Moving from the book to make his own appeal, Faulkner said: "We are struggling with the perception we are wholly and solely driven by polling and focus groups. For the Labor Party, steeling our spine and showing real courage, not just cunning, is the challenge that lies before us."
Don't think Faulkner endorses all of Cavalier's book. He doesn't. Indeed, he said "very few" would back all its judgments. The truth is that Cavalier's lethal critique of trade union dominance over state Labor parties has little support within Labor ranks judged by those who want corrective reform. Cavalier, in effect, is a maverick pointing to structural flaws in the Labor Party that have no apparent solution.
Given his decades-long alignment with the Labor Left, Cavalier also confronts the depth of the ideological crisis facing Labor. He writes: "To be on the Left meant being committed to the social reconstruction of our society. It is not about supporting the entry of refugees, which places you beside an ALP right-winger such as John Robertson of NSW, a former Liberal MP such as Petro Georgiou of Victoria or Cardinal George Pell. Mother Teresa believed in combating poverty and starvation. No one called her Left. Being for a republic places you with Malcolm Turnbull and the big end of town."
Cavalier's conclusion is that "in the absence of an ideology, gesture politics has become all important to those wearing the label of Left". Yes, gesture politics can invest the Left with wider public appeal. But the ideological vacuum within the traditional Left is being rapidly filled by the Greens. It is the Greens who possess the strongest, clearest, most universal ideological position that converts into general principles to underpin public policy and mobilise voters.
The Greens are both Labor's friend and enemy: they assist Labor to keep the Coalition out of power yet they steal seats and votes from Labor by stoking the sense of disillusionment with it.
The 2010 hung parliament saw Gillard enter a historic working alliance with the Greens in which she obtained no concessions whatsoever from the Greens beyond their declared public stance: that they wanted Gillard, not Tony Abbott in office. So Gillard has chosen to brand her government a Labor-Green alliance, thereby giving the Coalition its permanent political strategy for the next election. Just witness the palpable fear in Labor ranks this week at the Murray-Darling Basin report.
The gravity of the threat to Labor is not to be mentioned in polite company; the more the Greens influence left politics the more they prejudice Labor and the more it bleeds public support.
This risk is confronted by Labor intellectual Dennis Glover in the recent book All That's Left, edited by Nick Dyrenfurth and Tim Soutphommasane.
"They are on a collision course," Glover says of Labor and the Greens.
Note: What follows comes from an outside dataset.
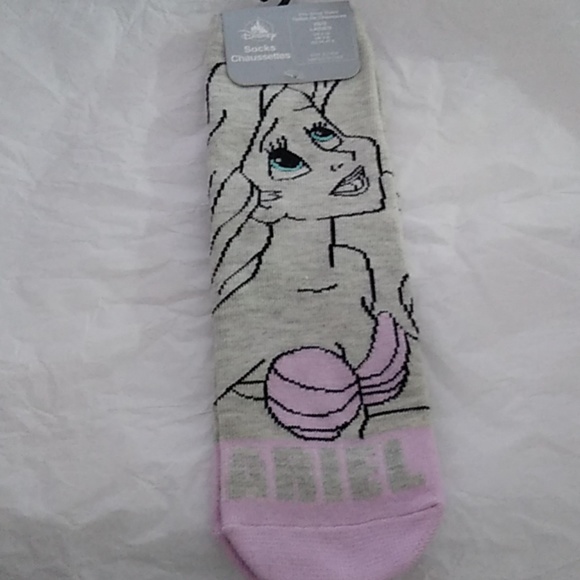 Disney Accessories Disney Little Mermaid Ariel Socks Poshmark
Warning that Labor's eventual replacement by the Greens is "not inevitable", Glover argues for a mutual Labor-Greens deal in their common interest but remains alive to the sheer difficulty in bringing this to fruition.
Meanwhile, in an event worthy of Alice In Wonderland, ALP Premier Brumby appeals to Liberal voters in the Victorian election to preference Labor over the Greens to ensure re-elected Labor can govern safely without the embarrassment of new Green MPs or, horror upon horror, Labor being forced to rely on the Greens to form a government.
According to this line, it is the responsible role of the Liberal Party and its voters to protect Labor from the Greens' attack. The Liberals, as a party, would be crazy to fall for this self-interested Labor pitch, though Brumby is sensible to make it.
For the Liberals, the main opponent is Labor, not the Greens. The more the Greens define the Left, the more public opinion will move to the Coalition on the Centre-Right.
The Victorian poll presents Gillard with fresh danger: the prospect of the Greens, her alliance partner, winning seats from the Labor Party and compounding this strategic dilemma to which Labor has no answer. Little wonder it wants to keep talking about Tony Abbott.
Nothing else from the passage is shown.